RAW DATA >>

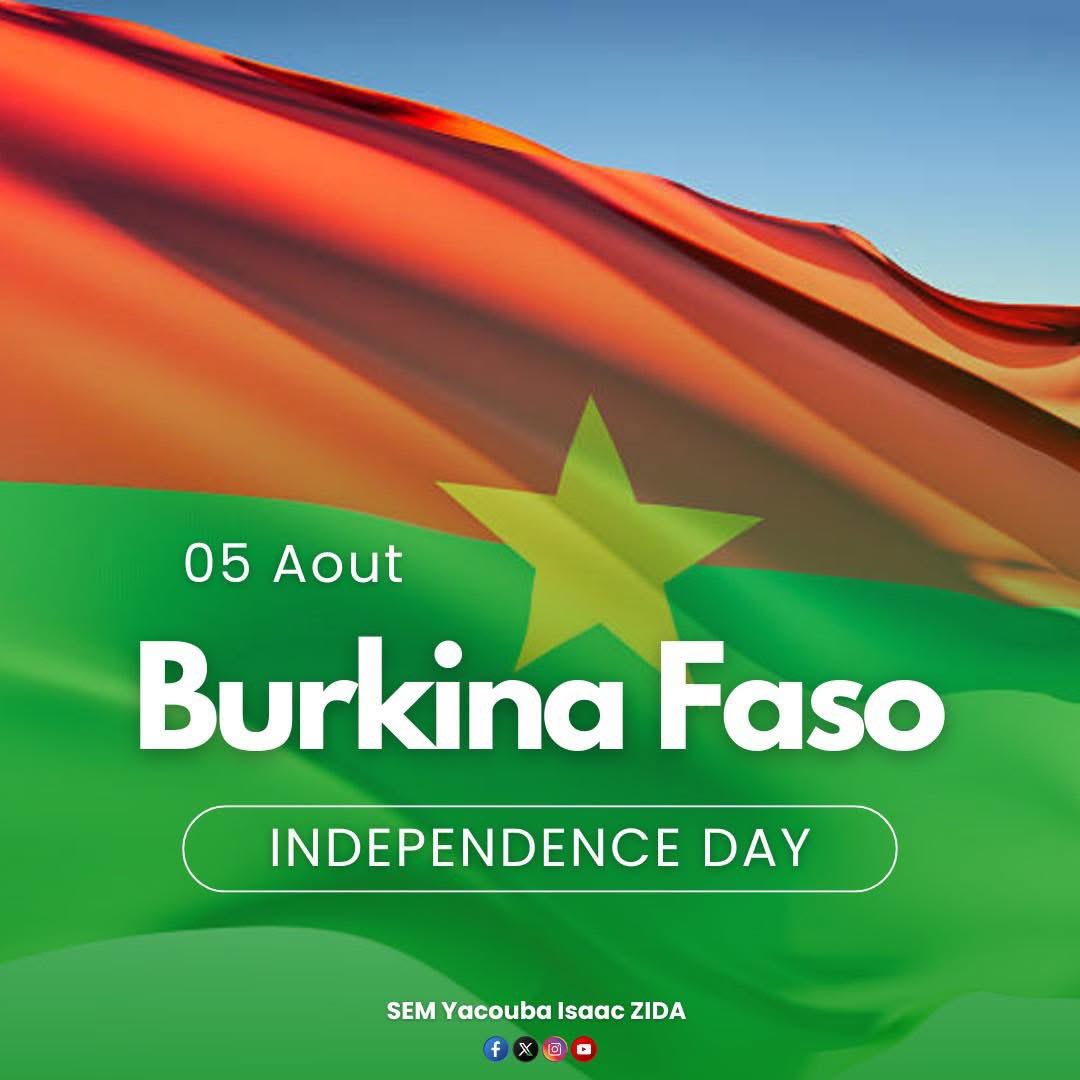 SemZida's tweet image. Je vous souhaite à toutes et à tous une excellente commémoration de l’indépendance. 

𝐃𝐢𝐞𝐮 𝐛𝐞́𝐧𝐢𝐬𝐬𝐞 𝐥𝐞 𝐁𝐮𝐫𝐤𝐢𝐧𝐚 𝐅𝐚𝐬𝐨 

𝐒𝐄𝐌 𝐘𝐚𝐜𝐨𝐮𝐛𝐚 𝐈𝐬𝐚𝐚𝐜 𝐙𝐈𝐃𝐀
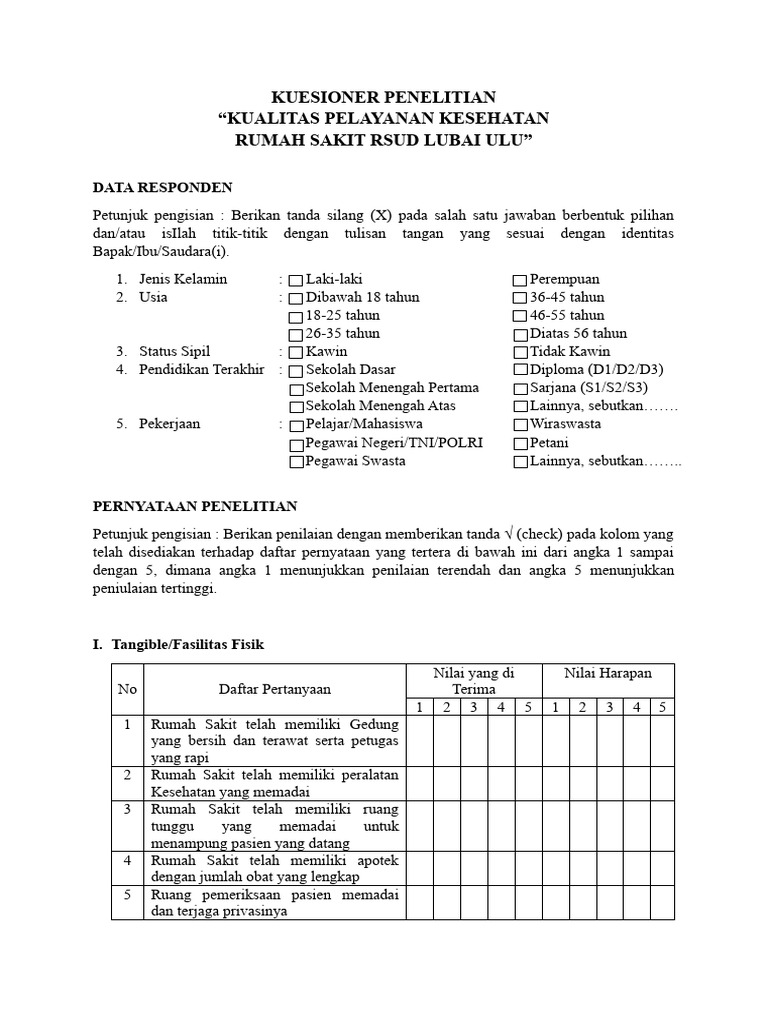 Kuesioner Kualitas Pelayanan RSUD Lubai Ulu | PDF | Pengembangan Diri ...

BRIEF >>
Your copy should match the material above exactly, minus its pictures.

EXERCISE RESULT >>
 SemZida's tweet image. Je vous souhaite à toutes et à tous une excellente commémoration de l’indépendance. 

𝐃𝐢𝐞𝐮 𝐛𝐞́𝐧𝐢𝐬𝐬𝐞 𝐥𝐞 𝐁𝐮𝐫𝐤𝐢𝐧𝐚 𝐅𝐚𝐬𝐨 

𝐒𝐄𝐌 𝐘𝐚𝐜𝐨𝐮𝐛𝐚 𝐈𝐬𝐚𝐚𝐜 𝐙𝐈𝐃𝐀
 Kuesioner Kualitas Pelayanan RSUD Lubai Ulu | PDF | Pengembangan Diri ...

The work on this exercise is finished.